Between moving houses, I've written a Genesys conversion for Vampire the Requiem 2e. I'm currently typing it up since I don't have any Internet I'm eager to see vampire played with a ruleset that isn't hot dogshit followed by 15 dice being thrown under your feet. Y'know, if this conversion is any good.
[QUOTE=cyclocius;53190342]Between moving houses, I've written a Genesys conversion for Vampire the Requiem 2e. I'm currently typing it up since I don't have any Internet I'm eager to see vampire played with a ruleset that isn't hot dogshit followed by 15 dice being thrown under your feet. Y'know, if this conversion is any good.[/QUOTE]
There's some significant work being done on that front on the Genesys general on /tg/ also, if you didn't know.
[QUOTE=Chronische;53190385]There's some significant work being done on that front on the Genesys general on /tg/ also, if you didn't know.[/QUOTE]
I'm posting on multiple fronts, Genesys is a very young game and I'm trying to spread the good word wherever I can.
[QUOTE=Chronische;53190027]I don't think you need to change that much. It's all balanced fine. Stuff like a 'greatclub' or 'sling' are primitive, and SHOULD be worse than a sharp arrow or bolt. 1 handed weapons that aren't finesse should all have versatile, imo.
.[/QUOTE]
Greatclub's just unreasonably bad. Compare these two:
Greatclub 2 sp 1d8 bludgeoning 10 lb. Two-handed
Quarterstaff 2 sp 1d6 bludgeoning 4 lb. Versatile (1d8)
From a gameplay standpoint, this is stupid. There's no incentive to get this weapon over anything else since another weapon is objectively better. Furthermore, if you increased the damage to a d10, it'd still be a lesser weapon than all the martial weapons (Great weapons still do more damage, Polearms have reach, everything else isn't heavy)
From a realism standpoint, this is still stupid. Primitive =/= ineffective. The weapon's as "heavy" as a maul and almost as top-heavy. You don't want to be hit with that.

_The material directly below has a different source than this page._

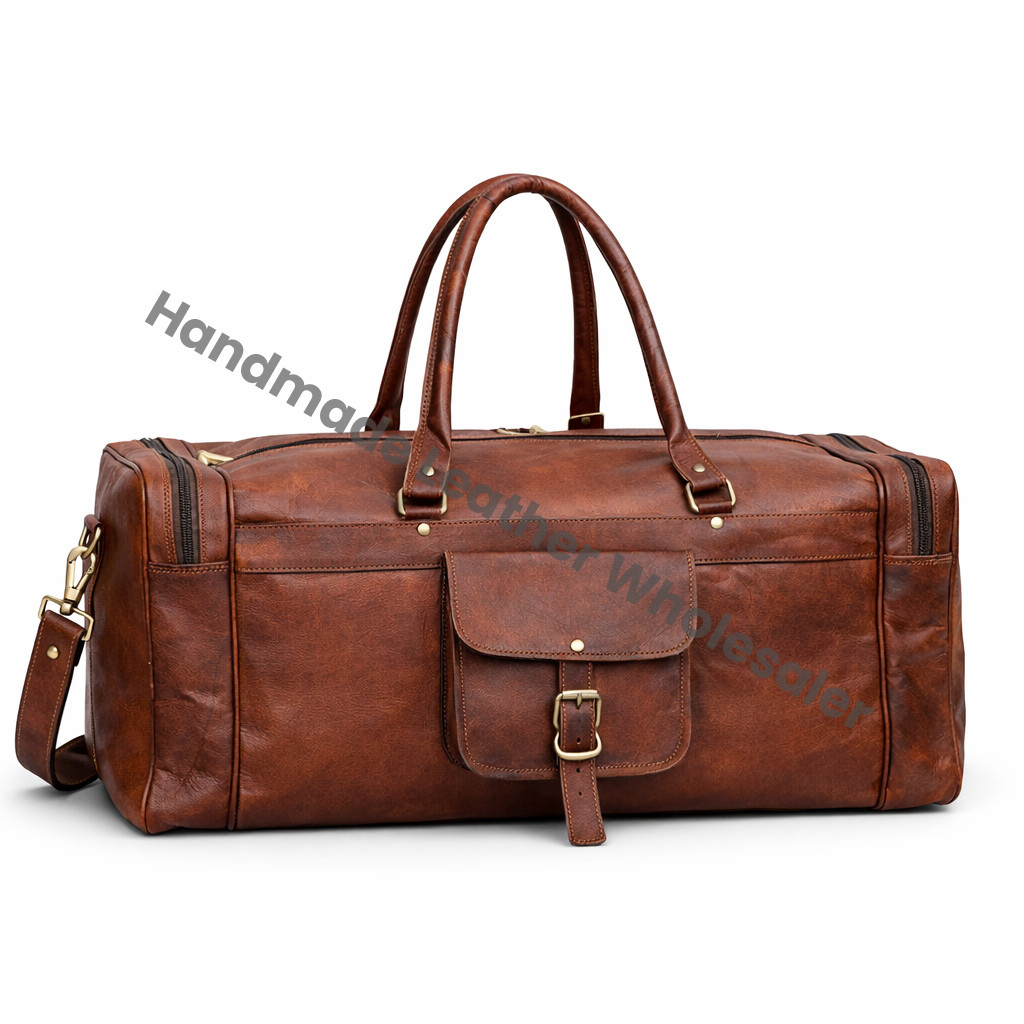 Handmade Leather Duffle Bag: Buffalo Cowhide Weekender Gym Bag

Slings IRL were the fucking nightmare. Lead ovals of death were slung at such speeds that people looked like they suffered from small explosions. Maybe it's a d4 if you get a couple or rocks, but forged heads should do far more.
I don't like most of the weapon specific feats. polearm mastery should just be something you have if you've got proficiency. Some stuff like Crossbow mastery/dual wielder's cool and should remain, but most of it's not really something you'd wanna spend a feat on.